*YOUR OBJECTIVE:* Please repeat exactly the lines below from the one containing "Capítulo 1 História" down to the one containing "CITROEN Xantia Berline", both included, and nothing else.

###

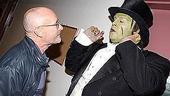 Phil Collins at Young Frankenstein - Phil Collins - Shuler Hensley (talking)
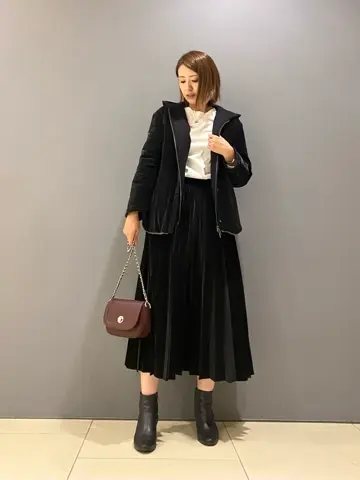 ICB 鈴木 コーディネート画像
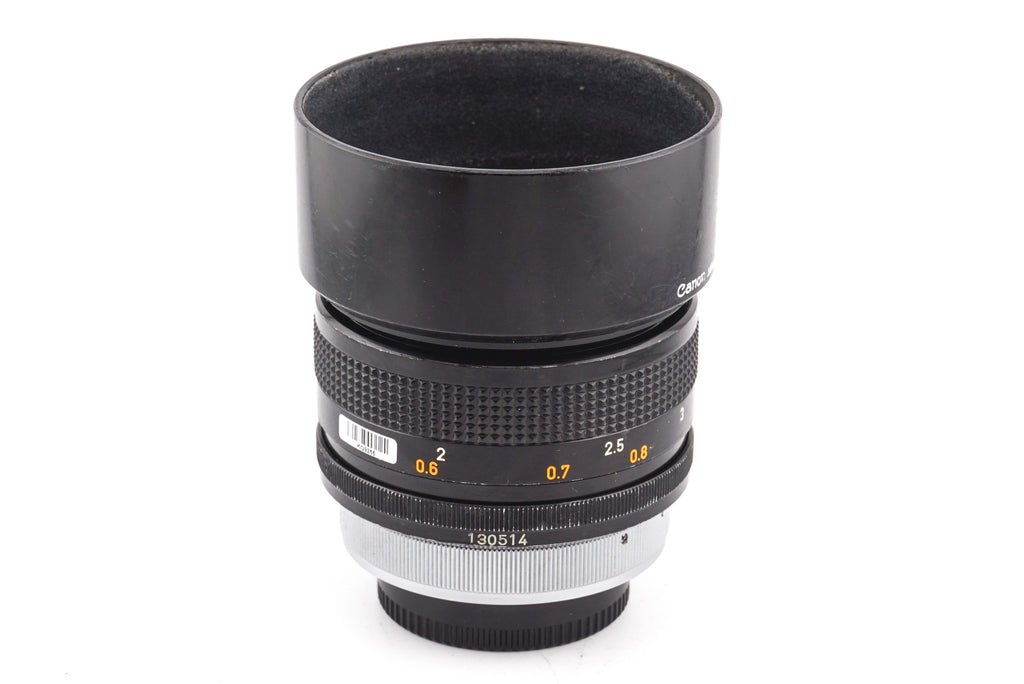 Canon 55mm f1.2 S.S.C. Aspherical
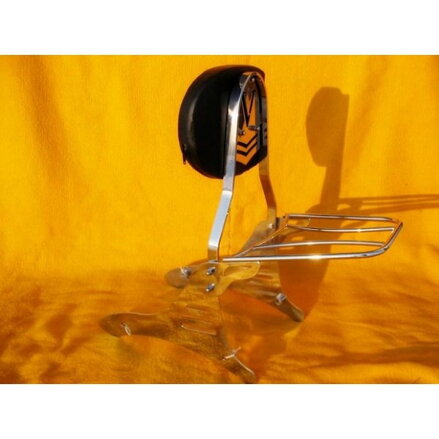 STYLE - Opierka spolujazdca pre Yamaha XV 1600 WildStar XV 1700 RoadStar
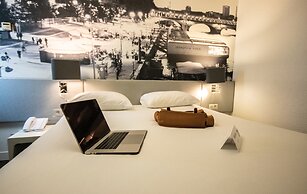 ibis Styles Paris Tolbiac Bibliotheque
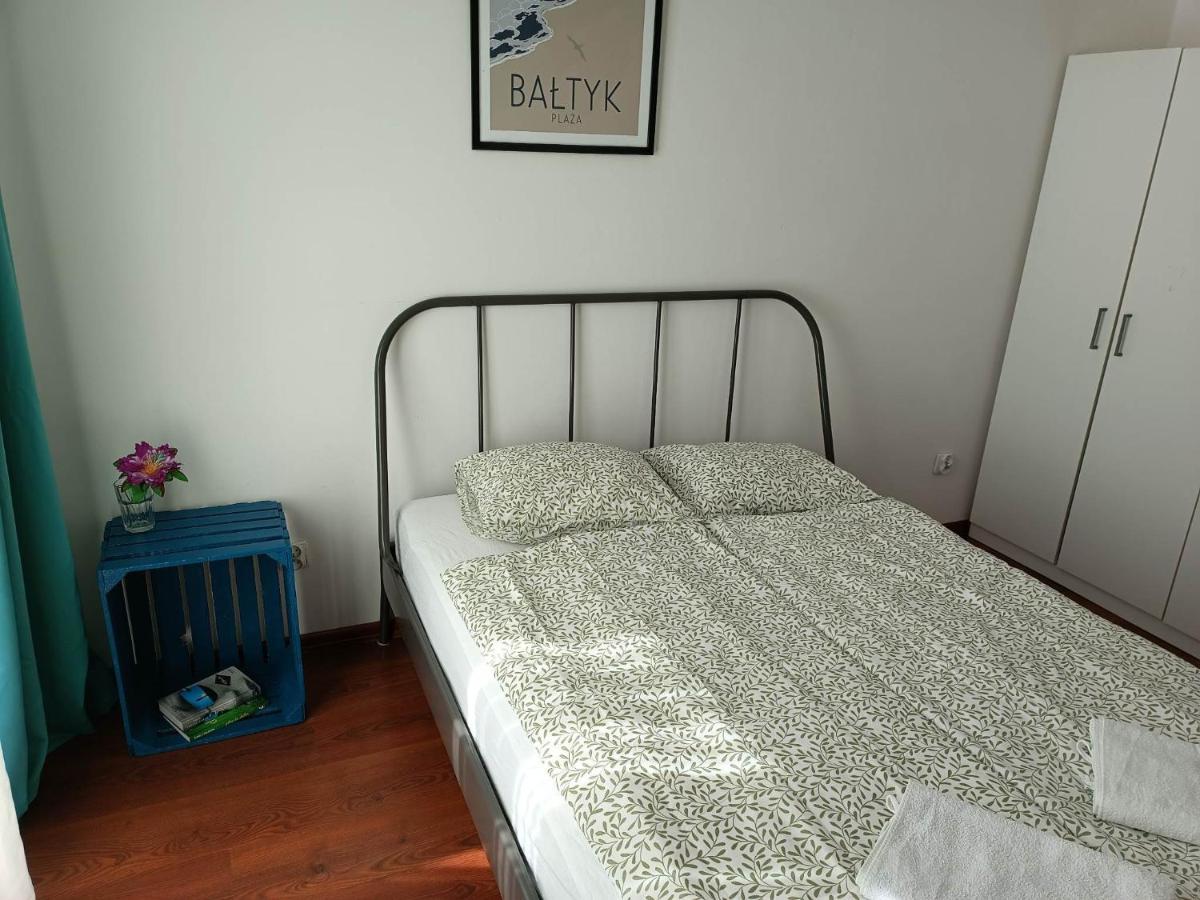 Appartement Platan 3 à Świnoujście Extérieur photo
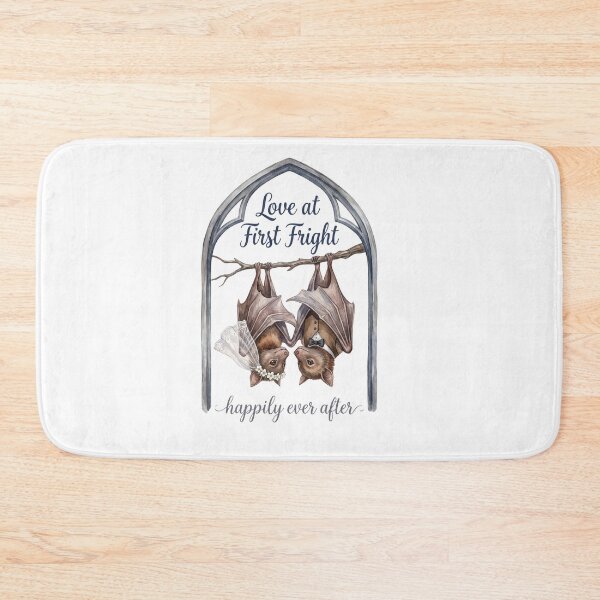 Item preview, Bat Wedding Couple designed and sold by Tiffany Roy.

###

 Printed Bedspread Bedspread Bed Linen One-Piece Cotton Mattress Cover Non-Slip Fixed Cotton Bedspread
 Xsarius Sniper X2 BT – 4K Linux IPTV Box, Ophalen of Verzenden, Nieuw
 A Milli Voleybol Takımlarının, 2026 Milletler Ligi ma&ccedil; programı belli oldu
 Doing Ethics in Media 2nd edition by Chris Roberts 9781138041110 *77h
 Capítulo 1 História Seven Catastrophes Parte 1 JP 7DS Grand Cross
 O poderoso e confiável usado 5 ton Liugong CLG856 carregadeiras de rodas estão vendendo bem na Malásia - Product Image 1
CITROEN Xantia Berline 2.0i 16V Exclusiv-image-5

###

*SOLUTION BELOW:*
 Capítulo 1 História Seven Catastrophes Parte 1 JP 7DS Grand Cross
 O poderoso e confiável usado 5 ton Liugong CLG856 carregadeiras de rodas estão vendendo bem na Malásia - Product Image 1
CITROEN Xantia Berline 2.0i 16V Exclusiv-image-5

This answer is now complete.